▶ _Brief_:
Where does the word "Caliper" show up in the records? Copy every line that has it.

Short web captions
────────────────

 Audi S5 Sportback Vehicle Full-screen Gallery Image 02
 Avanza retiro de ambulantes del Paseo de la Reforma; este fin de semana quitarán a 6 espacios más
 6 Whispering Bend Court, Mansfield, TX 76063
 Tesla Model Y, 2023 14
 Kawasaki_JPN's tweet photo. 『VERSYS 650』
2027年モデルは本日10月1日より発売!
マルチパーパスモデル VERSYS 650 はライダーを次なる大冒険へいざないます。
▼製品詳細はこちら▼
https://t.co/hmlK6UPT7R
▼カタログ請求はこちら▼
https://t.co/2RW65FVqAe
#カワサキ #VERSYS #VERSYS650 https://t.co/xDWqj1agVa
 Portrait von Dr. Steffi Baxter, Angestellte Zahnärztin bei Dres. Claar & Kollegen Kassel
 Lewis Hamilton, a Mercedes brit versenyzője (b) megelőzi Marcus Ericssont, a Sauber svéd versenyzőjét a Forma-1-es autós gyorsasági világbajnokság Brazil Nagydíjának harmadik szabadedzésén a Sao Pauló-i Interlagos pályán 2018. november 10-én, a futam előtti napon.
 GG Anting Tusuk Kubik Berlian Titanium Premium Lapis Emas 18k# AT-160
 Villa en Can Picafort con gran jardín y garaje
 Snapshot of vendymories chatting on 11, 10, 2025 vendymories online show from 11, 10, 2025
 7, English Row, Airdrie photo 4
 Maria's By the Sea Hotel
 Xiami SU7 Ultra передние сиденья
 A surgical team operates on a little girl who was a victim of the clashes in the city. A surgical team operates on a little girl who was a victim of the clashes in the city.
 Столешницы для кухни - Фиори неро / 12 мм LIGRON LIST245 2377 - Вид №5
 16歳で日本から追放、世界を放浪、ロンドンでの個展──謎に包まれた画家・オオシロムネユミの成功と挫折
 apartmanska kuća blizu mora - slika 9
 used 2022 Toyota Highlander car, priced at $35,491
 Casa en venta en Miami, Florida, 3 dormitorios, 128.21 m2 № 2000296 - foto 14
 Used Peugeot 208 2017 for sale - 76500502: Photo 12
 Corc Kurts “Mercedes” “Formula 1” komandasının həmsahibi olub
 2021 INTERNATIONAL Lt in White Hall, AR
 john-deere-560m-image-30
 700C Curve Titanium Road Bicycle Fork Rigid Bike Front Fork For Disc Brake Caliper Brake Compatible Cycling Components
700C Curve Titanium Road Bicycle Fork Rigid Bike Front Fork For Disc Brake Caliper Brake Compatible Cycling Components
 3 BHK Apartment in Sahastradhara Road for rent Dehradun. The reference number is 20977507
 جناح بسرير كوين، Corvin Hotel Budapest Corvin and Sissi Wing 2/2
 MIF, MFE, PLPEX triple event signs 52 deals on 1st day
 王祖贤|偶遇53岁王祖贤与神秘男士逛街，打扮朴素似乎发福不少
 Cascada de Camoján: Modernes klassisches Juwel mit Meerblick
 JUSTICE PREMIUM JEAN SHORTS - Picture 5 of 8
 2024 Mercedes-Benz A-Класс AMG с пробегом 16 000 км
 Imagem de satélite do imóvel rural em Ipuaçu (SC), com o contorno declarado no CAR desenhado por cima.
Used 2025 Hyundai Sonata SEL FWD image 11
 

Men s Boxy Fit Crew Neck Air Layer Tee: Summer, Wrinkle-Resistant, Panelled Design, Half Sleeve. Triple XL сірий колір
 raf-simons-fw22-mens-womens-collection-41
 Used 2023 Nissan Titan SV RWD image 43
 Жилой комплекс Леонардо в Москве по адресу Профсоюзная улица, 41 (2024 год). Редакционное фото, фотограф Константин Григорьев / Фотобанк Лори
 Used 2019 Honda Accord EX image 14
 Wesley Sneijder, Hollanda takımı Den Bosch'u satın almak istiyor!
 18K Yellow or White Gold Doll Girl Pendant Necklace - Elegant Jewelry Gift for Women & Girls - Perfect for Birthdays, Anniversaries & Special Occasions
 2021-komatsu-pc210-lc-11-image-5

────────────────

▶ _Task result_:
 700C Curve Titanium Road Bicycle Fork Rigid Bike Front Fork For Disc Brake Caliper Brake Compatible Cycling Components
700C Curve Titanium Road Bicycle Fork Rigid Bike Front Fork For Disc Brake Caliper Brake Compatible Cycling Components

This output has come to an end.